Data Breach Best Practices
It seems like data breaches are becoming more frequent. For large organizations, they can absorb the cost of these mishaps. This is not the case with small and medium businesses. The average breach will cost a business over $6 million. Sixty percent of small business will be out of business within 6 months, because of reputation loss, and the cost to remediate. The 40% that survive, follow these best practices on a regular basis:
1. Physical security – Ensure there are procedures to lock and verify locked status daily. Do not leave servers or networking equipment accessible to everyone. Do not leave paper with confidential information on printers or unattended on desks. Track visitors within the office.
2. Firewall – Use a business class firewall with good logging. Logging allows you to see all the activity in the event an incident occurs. The firewall should provide antivirus on traffic before it touches the network, provide web content filtering, dual authentication and VPN/SDWan capabilities.
3. Patching – All hardware and software needs to be patch and firmware updated on a regular basis. Manufacturers release updates as frequently as every hour. Microsoft releases updates every month. Once these updates are released, the entire world knows what is being fixed and knows what vulnerabilities to take advantage of.
4. Backup and Disaster Recovery – Have a well-documented plan to execute in the event of an incident. The faster the business can return to normal, and the less data lost, the better. Backups must get offsite daily. Onsite backups are handy to speed the recovery process. Cloud backups are standard these days. They automatically perform the backup without human intervention. Systems relying on tapes or hard drives should be upgraded.
5. Access control – Employ a good password policy, use VPN and dual authentication, and data loss prevention. Here is a website to test passwords. https://howsecureismypassword.net/ (Test these examples – Blue23* vs. my favorite place is home). It is not about complexity, but about length.
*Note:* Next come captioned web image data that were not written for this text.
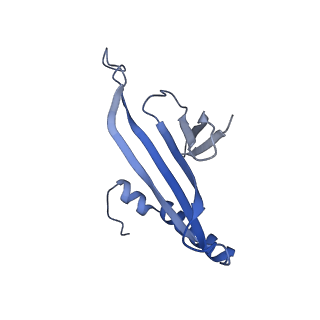 41632_8tux_2t_v1-0
Capsid of mature PP7 virion with 3'end region of PP7 genomic RNA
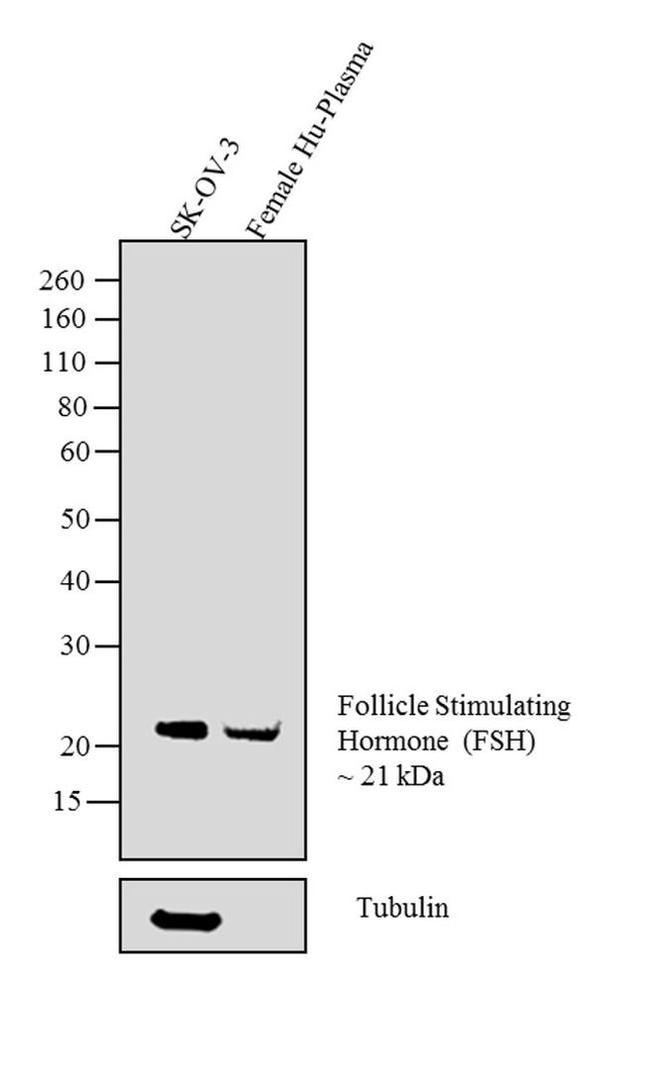 Follicle Stimulating Hormone Antibody in Western Blot (WB)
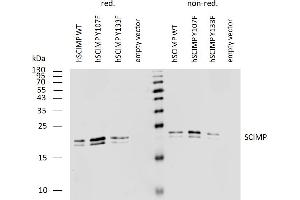 Western blotting analysis of human SCIMP using mouse monoclonal antibody NVL-07 on lysates of human SCIMP transfectants under reducing and non-reducing conditions.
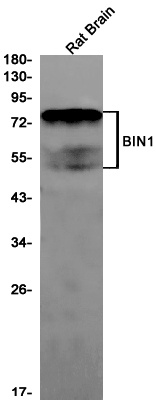 BIN1 Antibody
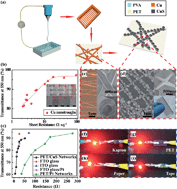 Graphical abstract: Transparent conducting oxide-free and Pt-free flexible dye-sensitized solar cells employing CuS-nanosheet networks as counter electrodes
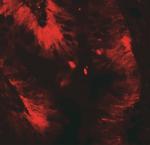 Claudin 4 Antibody in Western Blot (WB)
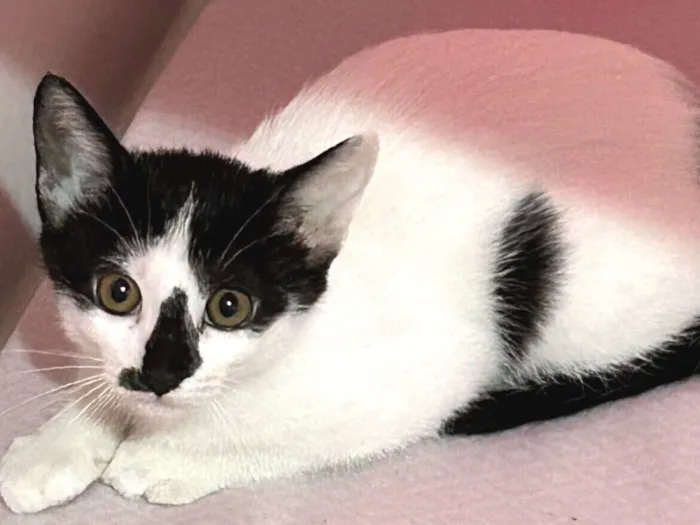 Gato raça SRD-ViraLata idade 7 a 11 meses nome Mily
6. Spam filter and Antivirus – Having email scanned for virus’ and spam before it hits the network, is a must these days. It protects from phishing, and virus laden emails. Antivirus is the canary in the coal mine. If the system is properly protected, the antivirus software should not be needed. However, if something gets through, it is invaluable.
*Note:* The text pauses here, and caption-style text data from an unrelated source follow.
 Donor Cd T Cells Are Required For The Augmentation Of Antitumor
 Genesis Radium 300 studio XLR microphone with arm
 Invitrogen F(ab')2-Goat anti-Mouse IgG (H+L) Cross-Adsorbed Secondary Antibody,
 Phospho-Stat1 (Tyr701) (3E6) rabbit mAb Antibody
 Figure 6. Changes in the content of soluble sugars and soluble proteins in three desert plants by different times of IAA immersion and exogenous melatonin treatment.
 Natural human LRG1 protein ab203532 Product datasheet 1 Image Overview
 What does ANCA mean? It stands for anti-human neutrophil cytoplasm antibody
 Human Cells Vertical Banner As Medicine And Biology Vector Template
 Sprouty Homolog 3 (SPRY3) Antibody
The above best practices are a must for every organization. Larger organization should also consider the following:
1. Vulnerability scanning – regular vulnerability scanning helps identify weaknesses in the network and helps identify what hardware/software should be patched or upgraded.
2. Develop policies and procedures around a security framework – NIST, COSO, COBIT, etc. are popular frameworks on which security programs are developed.
3. Tabletop simulations – Management comes together and walks through a simulated incident or disaster and tests the controls, disaster recovery, and continuity plan in place. The leads to building a more robust response plan.